Eu (não) necessito disto:

Eu cansei tanto.
Tanto das músicas calmas que escuto que talvez.
Talvez precise ouvir algo forte para me trazer força.
Força é o que eu tenho que ter.
Ter algo que me traga a certeza de que tudo é sólido.
Tudo o que é sólido pode derreter.
Pode derreter essa minha certeza parada de que a paixão dilacera as almas.
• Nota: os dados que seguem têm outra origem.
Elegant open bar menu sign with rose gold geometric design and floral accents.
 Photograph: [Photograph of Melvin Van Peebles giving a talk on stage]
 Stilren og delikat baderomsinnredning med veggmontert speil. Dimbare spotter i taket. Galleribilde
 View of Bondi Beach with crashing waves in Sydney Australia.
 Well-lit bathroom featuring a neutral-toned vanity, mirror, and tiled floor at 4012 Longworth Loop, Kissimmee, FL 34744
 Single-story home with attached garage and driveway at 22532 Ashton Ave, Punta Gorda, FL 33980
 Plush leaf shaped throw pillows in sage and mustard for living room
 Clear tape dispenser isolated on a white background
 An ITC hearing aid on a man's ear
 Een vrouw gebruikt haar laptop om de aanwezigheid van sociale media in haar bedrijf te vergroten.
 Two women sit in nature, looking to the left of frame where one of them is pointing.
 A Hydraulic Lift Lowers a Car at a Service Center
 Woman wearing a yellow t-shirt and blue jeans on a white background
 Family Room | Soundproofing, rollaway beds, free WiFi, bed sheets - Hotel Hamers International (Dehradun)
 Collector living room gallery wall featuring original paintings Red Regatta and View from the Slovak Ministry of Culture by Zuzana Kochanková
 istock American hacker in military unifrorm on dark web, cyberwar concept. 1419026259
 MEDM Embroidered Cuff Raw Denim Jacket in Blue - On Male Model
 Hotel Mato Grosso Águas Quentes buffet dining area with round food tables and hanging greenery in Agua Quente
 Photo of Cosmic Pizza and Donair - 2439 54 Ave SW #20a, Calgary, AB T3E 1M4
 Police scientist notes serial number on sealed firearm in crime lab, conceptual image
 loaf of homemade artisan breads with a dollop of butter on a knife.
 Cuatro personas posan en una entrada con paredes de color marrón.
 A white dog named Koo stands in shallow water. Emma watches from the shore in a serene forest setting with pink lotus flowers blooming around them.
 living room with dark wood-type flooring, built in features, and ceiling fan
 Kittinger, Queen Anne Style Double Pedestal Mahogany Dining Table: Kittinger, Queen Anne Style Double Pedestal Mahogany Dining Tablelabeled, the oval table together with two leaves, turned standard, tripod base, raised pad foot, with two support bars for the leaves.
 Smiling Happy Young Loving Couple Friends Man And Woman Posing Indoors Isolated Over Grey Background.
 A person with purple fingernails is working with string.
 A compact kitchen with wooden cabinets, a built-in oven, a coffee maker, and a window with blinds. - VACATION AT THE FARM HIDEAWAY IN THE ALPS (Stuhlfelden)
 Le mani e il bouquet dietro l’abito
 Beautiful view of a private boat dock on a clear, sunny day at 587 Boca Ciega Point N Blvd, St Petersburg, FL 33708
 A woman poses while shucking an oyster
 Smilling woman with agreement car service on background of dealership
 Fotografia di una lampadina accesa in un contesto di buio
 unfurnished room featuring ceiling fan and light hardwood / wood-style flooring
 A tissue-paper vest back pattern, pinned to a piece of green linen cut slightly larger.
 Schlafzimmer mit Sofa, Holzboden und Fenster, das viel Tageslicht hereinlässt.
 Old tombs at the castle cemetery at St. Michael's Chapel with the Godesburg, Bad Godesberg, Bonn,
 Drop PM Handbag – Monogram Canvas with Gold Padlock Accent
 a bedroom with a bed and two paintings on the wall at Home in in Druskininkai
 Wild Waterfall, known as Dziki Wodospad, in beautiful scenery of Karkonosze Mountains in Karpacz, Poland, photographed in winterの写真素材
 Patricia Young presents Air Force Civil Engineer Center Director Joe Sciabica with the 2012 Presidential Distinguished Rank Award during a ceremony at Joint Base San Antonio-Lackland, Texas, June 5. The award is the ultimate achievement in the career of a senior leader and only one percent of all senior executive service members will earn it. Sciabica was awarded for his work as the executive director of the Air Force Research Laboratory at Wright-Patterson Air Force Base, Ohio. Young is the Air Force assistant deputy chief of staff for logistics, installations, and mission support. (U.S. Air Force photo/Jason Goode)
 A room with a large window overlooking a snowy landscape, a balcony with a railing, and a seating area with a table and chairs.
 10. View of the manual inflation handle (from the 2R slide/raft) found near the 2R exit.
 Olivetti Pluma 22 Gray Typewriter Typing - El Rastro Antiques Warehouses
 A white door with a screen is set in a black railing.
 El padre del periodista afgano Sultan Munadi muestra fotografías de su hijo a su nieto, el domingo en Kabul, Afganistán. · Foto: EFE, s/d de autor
Almas não estão nos guiando e nosso corpo está se perdendo.
Perdendo tempo eu me desespero.
Desespero me causa uma angústia.
Angústia de não ter a resposta e pedir gritando por ela.
Por ela eu faria tudo, e faço. Fazê-lo-ei para concretizar.
Concretizar já não é de mim pois sou tão insólita quanto a saliva que derrete aquele doce.
Aquele doce já está tão azedo que já não há gosto algum.
Algum dia eu me apaixonei, assim, tão rapidamente que eu quase caí.
Caí por tropeçar, por colocarem os pés em minha frente e saberem que eu iria.
Iria para algum bom lugar se não houvesse angústia no peito já machucado.
Jamais provado.
Jamais tocado e nunca apaixonado.
Talvez não Sibéria, mas quem sabe um deserto.